The dreams I interpreted for Pharaoh told of seven years of lots of rain and therefore lots of food, and then seven years of no rain and no food growing in the fields. The seven years of lots of food are behind us, and now nothing will grow. But we have grain stored in our warehouses. I am selling what I can to everyone who asks. I know that this is why God brought me to Egypt, so I could save so many lives.
I’m sitting in the main grain storehouse in this city, and there’s a long line of people coming to buy from me, just like yesterday and many days before that. But wait. Who is that I see at the end of the line? Ten men who look like me, but dress like shepherds from Canaan. Like I used to dress. Could these be my brothers? I can’t wait for them to get closer so I can make sure.
They come up to me, kneel, and bow low. I recognize Simeon, Reuben, Levi, Judah, and the rest. But Benjamin, the youngest one, is missing. Is he alive? Did the brothers betray him too? And is my father still living? He is very old now. My heart is beating quickly. How can I find out?
They have no idea who I am. I suppose I dress like an Egyptian now, I talk the Egyptian language, and I keep my hair shaved off so no one can tell my hair is curly. I look like an Egyptian, and Pharaoh even gave me an Egyptian name. I have an Egyptian wife. But I am not an Egyptian. My heart belongs in Canaan, with my father.
I wonder whether my brothers are sorry for what they did to me when they threw me into the pit and then sold me. God wants me to forgive them, I know. I have forgiven them, but I can’t tell them who I am until I know the answer to this question: are their hearts changed? Or are they still mean?
How to test them? I shout at them: “I think you are enemies of Egypt. I think you came to see how you can hurt us.”
“Oh, no,” says Judah. “We are all the sons of one man, who lives in the land of Canaan. There were twelve of us, but the youngest one stayed with our father, and the other is no more.”
Ah, my father and Benjamin are living. I am glad. But now I wonder about my brothers. Maybe my father loves Benjamin best now, and that makes them angry. I need to know. And I must see my little brother. I pray the Lord will grant me this, that I can see him.
“One of you must stay here in prison,” I say. “I will send food with the rest of you. Go home and bring your youngest brother back. I won’t sell you any more food until you bring him so I can meet him.”
So nine brothers return home, leaving Simeon.
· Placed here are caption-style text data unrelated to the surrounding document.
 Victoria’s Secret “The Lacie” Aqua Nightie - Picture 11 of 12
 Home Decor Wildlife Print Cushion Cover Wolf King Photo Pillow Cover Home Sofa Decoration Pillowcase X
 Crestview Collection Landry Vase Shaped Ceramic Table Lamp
I put him in prison, just like any common criminal. If I treated him differently, he might suspect who I am. So I can’t do that.
A long time goes by. My father must be afraid to send Benjamin with his brothers to Egypt. I don’t blame him.
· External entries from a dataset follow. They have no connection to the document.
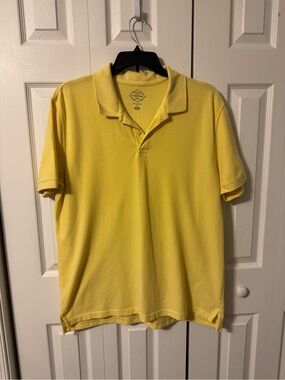 St. John's Bay Men's Bright Yellow Polo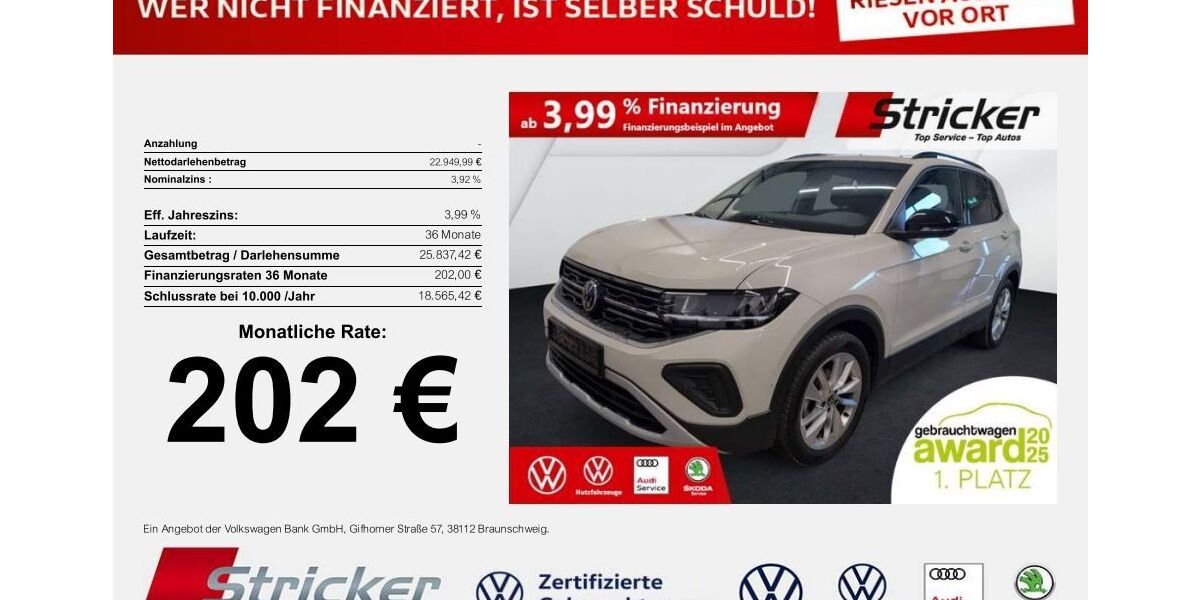 VW T-Cross 20.914 km 22.949 &euro; Horn-Bad Meinberg 32805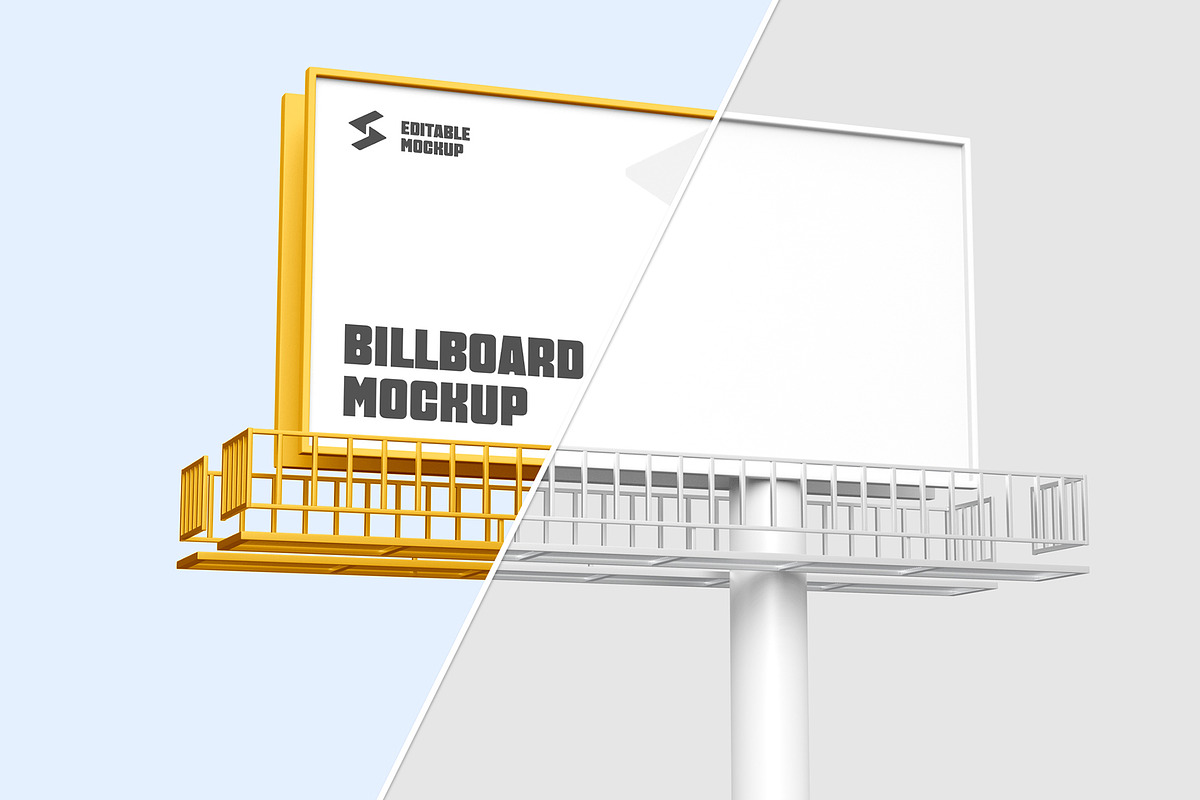 Outdoor Billboard Mockup PSD, an Advertising Mockup by graphypix (Photo 3 of 4)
But finally, I see them again, at the end of the line. Benjamin is there too—I can barely see him. I can’t stop smiling at all the people in the line ahead of them. But I have to cut out the smile when they come to the front of the line. They bow down low again, and I greet them.
I let Simeon out of prison and have them all over for lunch at my house. I am filled with joy to meet Benjamin, and I start to cry. But I have to hide it, so I run into my bedroom and cry there for a while.
After we all eat, I fill their bags with grain and, when no one is looking, put a silver cup in Benjamin’s bag. It’s my test for them. They leave. After an hour I call my servants and send a messenger after them, telling them that someone has stolen a silver cup, and that person must become my slave. That slave will be Benjamin, because the cup is in his bag.
I see them coming back. Judah falls to his knees. “Please, sir, if Benjamin does not return home with us, our father will be so sad he will surely die. Let Benjamin go home to our father, and I will stay in his place and be your servant.”
So, they do care about Benjamin, and they aren’t mean to him. Their hearts have changed. They are sorry for the things they did to me.
It’s time to tell them who I am. I am speaking in their language now. I tell them to come closer. “I am Joseph.” They look stunned and afraid. I could have them thrown into jail or executed for their crime against me, and they know it.
I tell them, “Do not be afraid. I won’t hurt you. I am not angry with you. It was really God who sent me to Egypt so that I could save so many lives because of this famine. I have forgiven you.”
They are amazed and delighted that I have forgiven them. We share hugs for a while.
I talk some more. “I want you to go and bring the whole family down to live in Egypt, including my father.” This time when I send them off, I send them with carts so they can bring their wives, their children, and our father.
I will be so happy to see my father again. God has worked it all out to give my whole family a safe place to live, with plenty of food, far from the idols of Canaan.